Robust named entity detection using an Arabic offline handwriting recognition system

  • Authors:
  • Krishna Subramanian;Rohit Prasad;Prem Natarajan

  • Affiliations:
  • BBN Technologies, Cambridge, MA;BBN Technologies, Cambridge, MA;BBN Technologies, Cambridge, MA

  • Venue:
  • Proceedings of The Third Workshop on Analytics for Noisy Unstructured Text Data
  • Year:
  • 2009

Quantified Score

Hi-index 0.00

Visualization

Abstract

Text from Arabic optical handwriting recognition (OHR) systems can provide key indexing information. In particular, the text is rich in named entities (NEs) and detection of such entities is critical for search applications. Traditional approaches for detecting NEs in optical character recognition (OCR) output look for these NEs in the single-best recognition results. Due to the inevitable presence of recognition errors in the single-best output, such approaches usually result in low recall.

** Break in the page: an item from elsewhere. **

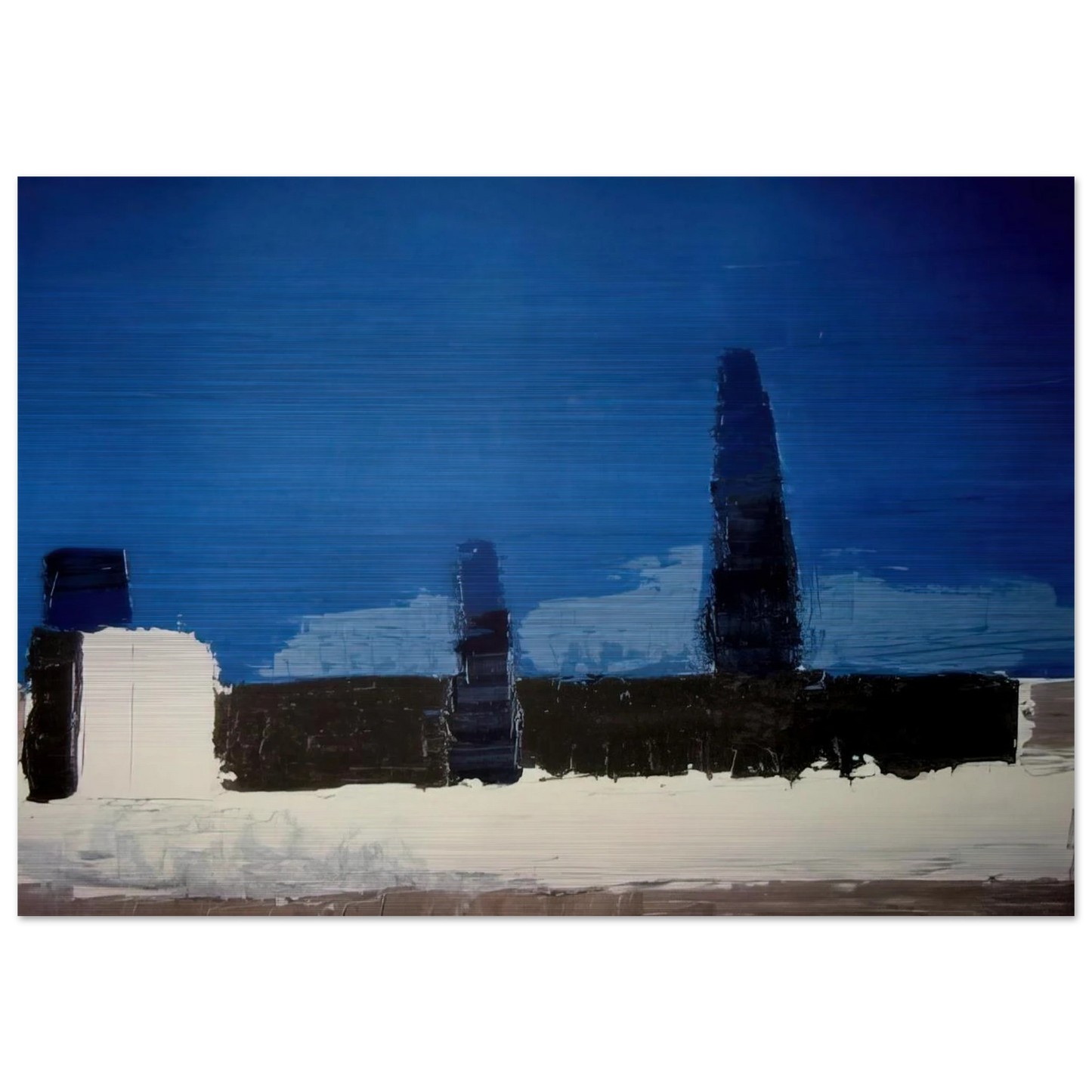 8d19ee7f-fd21-4db7-a1de-2492d1596d94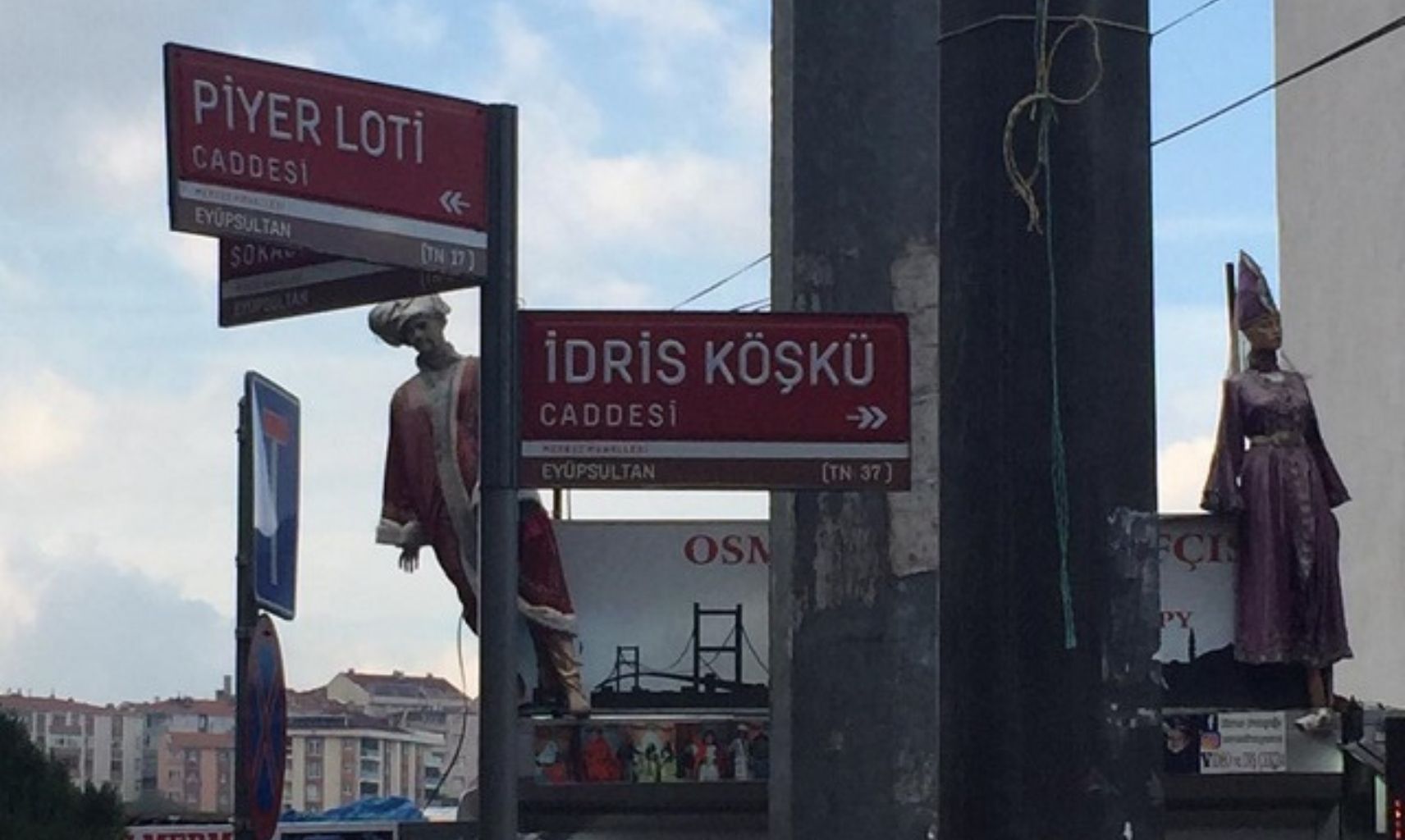 Idrisi Bitlisi Kimdir (5)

Given that a lattice is more likely to contain the correct answer, we explore NE detection from word lattices produced by our Arabic handwriting recognition system. Since the improvement in recall is accompanied by a large number of false positives, we use confidence scores based on posterior scores to control precision. We show a 7% improvement in true detects for the same false acceptance rate on using lattices instead of 1-best hypothesis for NE lookup.